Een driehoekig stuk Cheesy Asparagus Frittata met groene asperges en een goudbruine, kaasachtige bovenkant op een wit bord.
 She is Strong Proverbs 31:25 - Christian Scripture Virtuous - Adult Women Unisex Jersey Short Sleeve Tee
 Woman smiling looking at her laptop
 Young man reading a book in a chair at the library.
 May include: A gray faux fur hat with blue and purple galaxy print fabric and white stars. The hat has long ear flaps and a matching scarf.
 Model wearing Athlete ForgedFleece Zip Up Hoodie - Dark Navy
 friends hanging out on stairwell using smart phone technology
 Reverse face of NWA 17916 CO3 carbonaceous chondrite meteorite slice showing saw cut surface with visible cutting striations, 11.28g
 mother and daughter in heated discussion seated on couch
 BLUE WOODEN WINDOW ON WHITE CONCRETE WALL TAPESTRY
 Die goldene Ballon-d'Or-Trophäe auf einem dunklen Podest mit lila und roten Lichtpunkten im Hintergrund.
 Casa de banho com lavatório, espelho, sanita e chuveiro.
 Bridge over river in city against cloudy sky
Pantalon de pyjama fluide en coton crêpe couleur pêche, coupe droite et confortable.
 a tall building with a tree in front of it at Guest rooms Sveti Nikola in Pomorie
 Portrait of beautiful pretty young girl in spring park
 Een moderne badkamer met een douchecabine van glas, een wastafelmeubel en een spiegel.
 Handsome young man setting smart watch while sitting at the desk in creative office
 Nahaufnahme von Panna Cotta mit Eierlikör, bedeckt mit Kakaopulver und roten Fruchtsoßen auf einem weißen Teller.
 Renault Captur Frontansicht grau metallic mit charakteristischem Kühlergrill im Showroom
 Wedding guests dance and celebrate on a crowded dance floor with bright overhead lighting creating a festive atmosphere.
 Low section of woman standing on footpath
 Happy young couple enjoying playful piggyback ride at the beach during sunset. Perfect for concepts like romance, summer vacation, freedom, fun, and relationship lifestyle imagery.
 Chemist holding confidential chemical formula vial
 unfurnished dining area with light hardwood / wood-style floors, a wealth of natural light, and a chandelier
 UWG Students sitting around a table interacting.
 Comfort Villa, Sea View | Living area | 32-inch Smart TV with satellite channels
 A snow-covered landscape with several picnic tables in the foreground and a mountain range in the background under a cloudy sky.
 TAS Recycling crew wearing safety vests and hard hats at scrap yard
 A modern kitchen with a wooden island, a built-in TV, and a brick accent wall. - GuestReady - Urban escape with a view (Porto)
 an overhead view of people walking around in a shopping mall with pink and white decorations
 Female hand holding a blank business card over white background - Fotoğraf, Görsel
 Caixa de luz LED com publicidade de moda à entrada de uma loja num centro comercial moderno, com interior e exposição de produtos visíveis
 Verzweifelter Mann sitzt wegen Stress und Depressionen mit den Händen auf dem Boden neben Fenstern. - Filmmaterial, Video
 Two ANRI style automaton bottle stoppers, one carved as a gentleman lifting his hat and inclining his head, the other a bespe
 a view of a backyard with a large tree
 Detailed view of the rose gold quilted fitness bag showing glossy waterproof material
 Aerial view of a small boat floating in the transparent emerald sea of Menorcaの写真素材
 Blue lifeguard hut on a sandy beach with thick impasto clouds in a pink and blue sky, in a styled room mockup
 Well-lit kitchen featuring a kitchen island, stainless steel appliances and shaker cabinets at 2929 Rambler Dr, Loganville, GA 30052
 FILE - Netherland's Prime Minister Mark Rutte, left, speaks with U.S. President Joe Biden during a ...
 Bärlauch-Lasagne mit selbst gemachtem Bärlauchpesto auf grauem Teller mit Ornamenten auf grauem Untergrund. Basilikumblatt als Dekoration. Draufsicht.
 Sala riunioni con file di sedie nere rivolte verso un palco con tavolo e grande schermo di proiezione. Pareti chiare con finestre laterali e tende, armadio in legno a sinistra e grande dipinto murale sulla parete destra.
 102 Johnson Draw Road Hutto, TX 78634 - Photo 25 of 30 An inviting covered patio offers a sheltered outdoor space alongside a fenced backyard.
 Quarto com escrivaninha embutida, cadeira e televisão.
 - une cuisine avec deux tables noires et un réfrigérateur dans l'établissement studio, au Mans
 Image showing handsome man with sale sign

···

Set down only the lines running from the line with "- une cuisine" to the end of the entries above, both included, exactly as they stand.

TASK SOLUTION:
 - une cuisine avec deux tables noires et un réfrigérateur dans l'établissement studio, au Mans
 Image showing handsome man with sale sign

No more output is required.